Islamabad has raised its cotton ambition for the 2026–27 Kharif season, yet the gap between official targets and field reality remains wide after years of weak output, low yields and policy drift.

Pakistan has set a cotton production target of 9.64 million bales for the 2026–27 Kharif season, to be grown over 2.16 million hectares, as part of a broader crop planning exercise by the Federal Committee on Agriculture (FCA). The same meeting also fixed targets of 9.17 million tonnes of rice, 9.77 million tonnes of maize and 80.3 million tonnes of sugarcane. The figures were confirmed in official and semi-official reporting following the FCA meeting chaired by Food Security Minister Rana Tanveer Hussain.

The problem is that Pakistan’s cotton sector is starting from a very weak base. Local reporting says production in 2025–26 fell to about 5.607 million bales, far below both this year’s new target and the roughly 15 million bales achieved in 2014–15. That makes the new goal look less like an incremental improvement and more like an attempted recovery from structural decline.

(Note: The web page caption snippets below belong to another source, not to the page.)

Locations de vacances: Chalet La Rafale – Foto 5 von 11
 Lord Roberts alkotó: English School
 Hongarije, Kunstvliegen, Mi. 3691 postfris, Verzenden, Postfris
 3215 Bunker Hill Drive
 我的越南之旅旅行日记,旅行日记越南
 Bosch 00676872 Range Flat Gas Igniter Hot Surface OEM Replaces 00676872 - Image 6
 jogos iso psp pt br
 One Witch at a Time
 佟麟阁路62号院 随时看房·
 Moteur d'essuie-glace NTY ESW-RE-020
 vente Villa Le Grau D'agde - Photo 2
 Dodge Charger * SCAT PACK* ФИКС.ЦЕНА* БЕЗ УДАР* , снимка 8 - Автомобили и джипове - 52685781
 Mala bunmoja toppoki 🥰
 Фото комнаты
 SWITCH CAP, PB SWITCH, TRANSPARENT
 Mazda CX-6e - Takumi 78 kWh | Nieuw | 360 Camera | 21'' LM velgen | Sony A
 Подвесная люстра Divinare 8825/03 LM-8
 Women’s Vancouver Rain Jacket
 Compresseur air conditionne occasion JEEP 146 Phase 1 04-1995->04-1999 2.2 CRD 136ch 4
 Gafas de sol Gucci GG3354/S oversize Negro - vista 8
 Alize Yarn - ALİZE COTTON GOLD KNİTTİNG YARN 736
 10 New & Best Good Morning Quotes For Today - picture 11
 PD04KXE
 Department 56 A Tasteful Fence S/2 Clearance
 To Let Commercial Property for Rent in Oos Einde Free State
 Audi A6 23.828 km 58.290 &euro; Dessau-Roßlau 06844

The broader cotton balance sheet remains difficult. The latest USDA assessment forecasts Pakistan’s 2026–27 cotton consumption at 10.2 million bales, with production still well below domestic mill demand, implying continued reliance on imported cotton. USDA also estimates yields around 550 kilograms per hectare, underscoring the productivity gap that continues to hold the sector back.

Ambition is clear, but execution is the real test
The government says it wants to revive agriculture through mechanization, seed-system reform, cotton revival, value addition, better access to finance and export growth. It also says urea availability should remain comfortable, canal-head water availability is projected at 67.45 million acre feet, and agricultural credit could rise to Rs3.062 trillion in FY26, up from Rs2.577 trillion last year.

That policy language is encouraging, but Pakistan’s cotton revival will not be judged by targets alone. It will be judged by whether farmers actually receive better seed, stronger price signals, more reliable water, and commercially viable returns versus competing crops. Until that changes, cotton may remain a declared priority rather than a restored one.